EXERCISE AIM: Leaving out the images, reproduce every line of the data that follows exactly.

RAW DATA:
"""
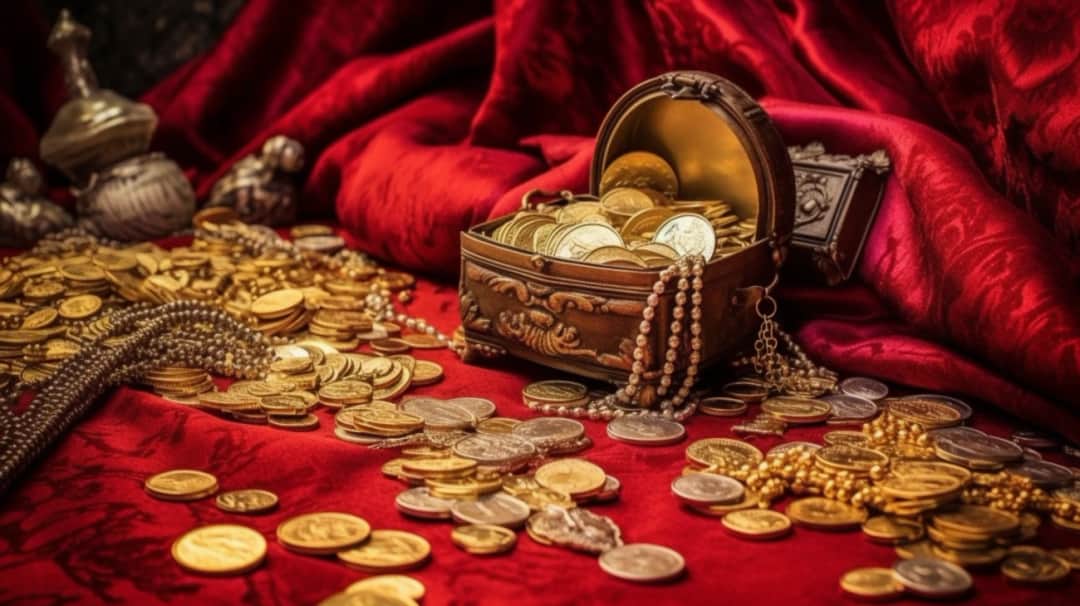 Sennik monety - znaczenie snu o monetach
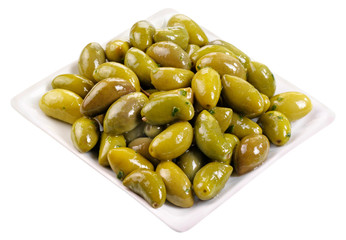 PETIT LUCQUES OLIVES CUT OUT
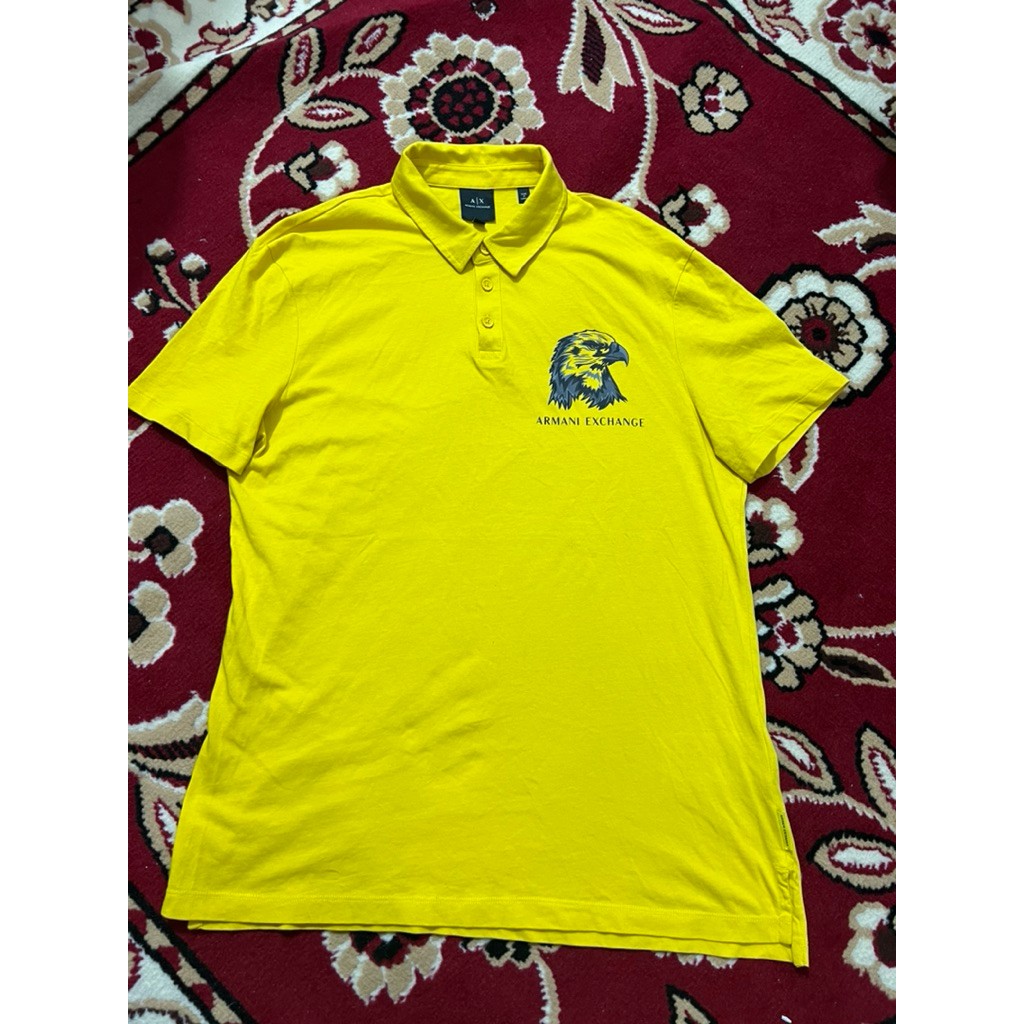 KAOS POLO ARMANI EXCHANGE SECOND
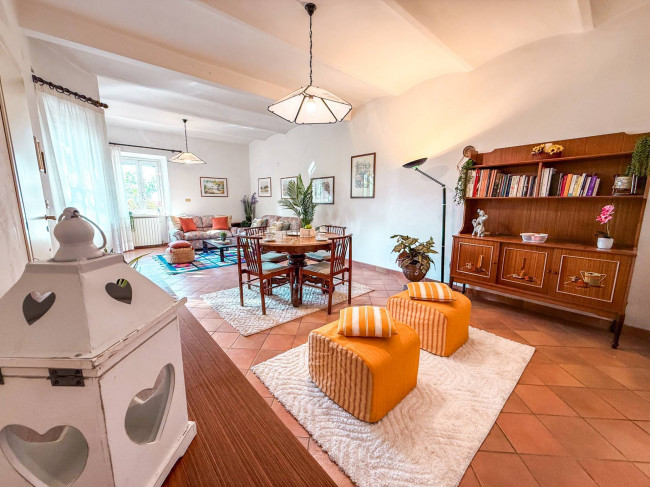 Villa in affitto stagionale a Monsampolo del Tronto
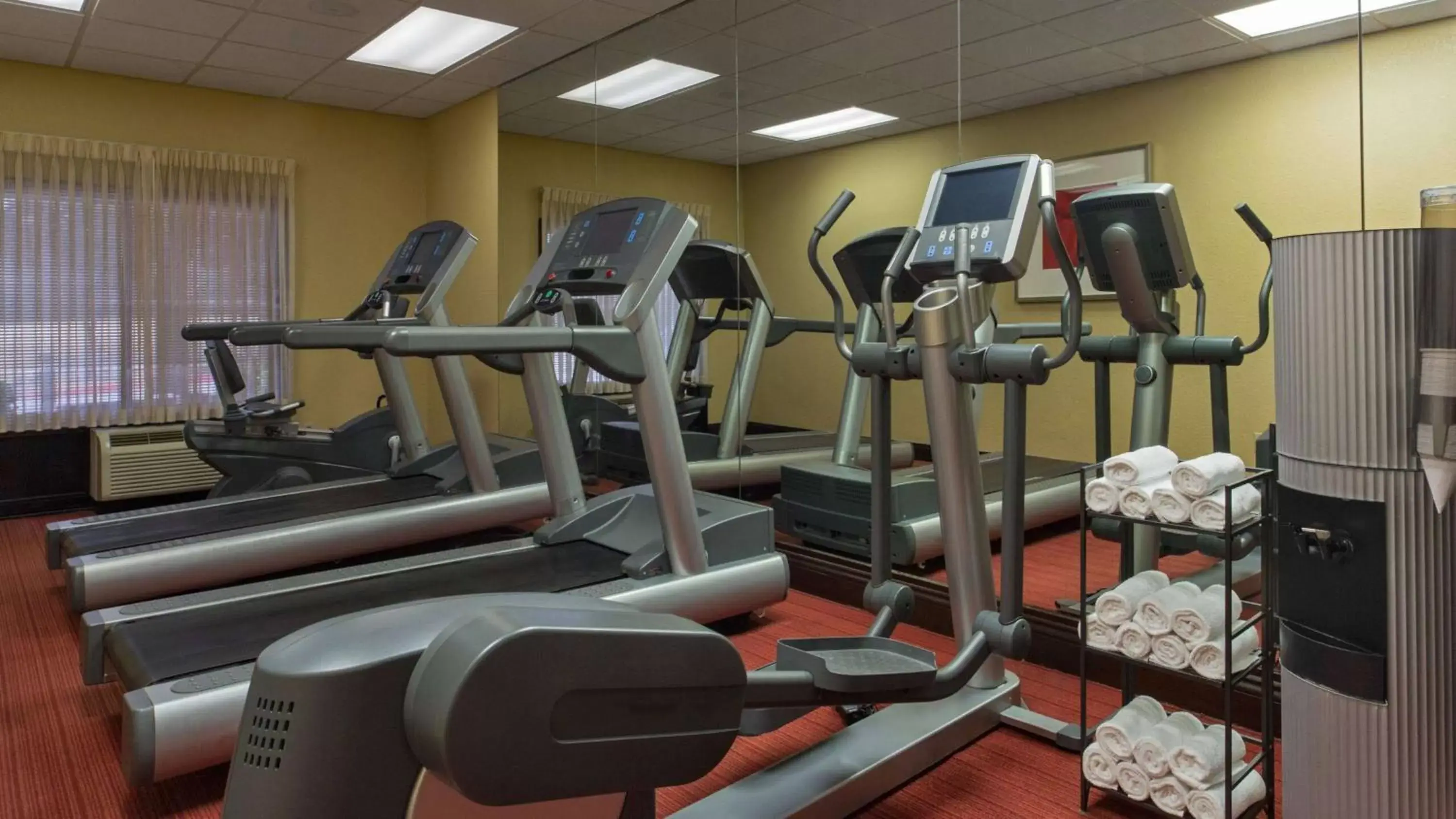 Spa and wellness centre/facilities, Fitness Center/Facilities in Sonesta Select Austin North Central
"""
EXPECTED OUTPUT:
 Sennik monety - znaczenie snu o monetach
 PETIT LUCQUES OLIVES CUT OUT
 KAOS POLO ARMANI EXCHANGE SECOND
 Villa in affitto stagionale a Monsampolo del Tronto
 Spa and wellness centre/facilities, Fitness Center/Facilities in Sonesta Select Austin North Central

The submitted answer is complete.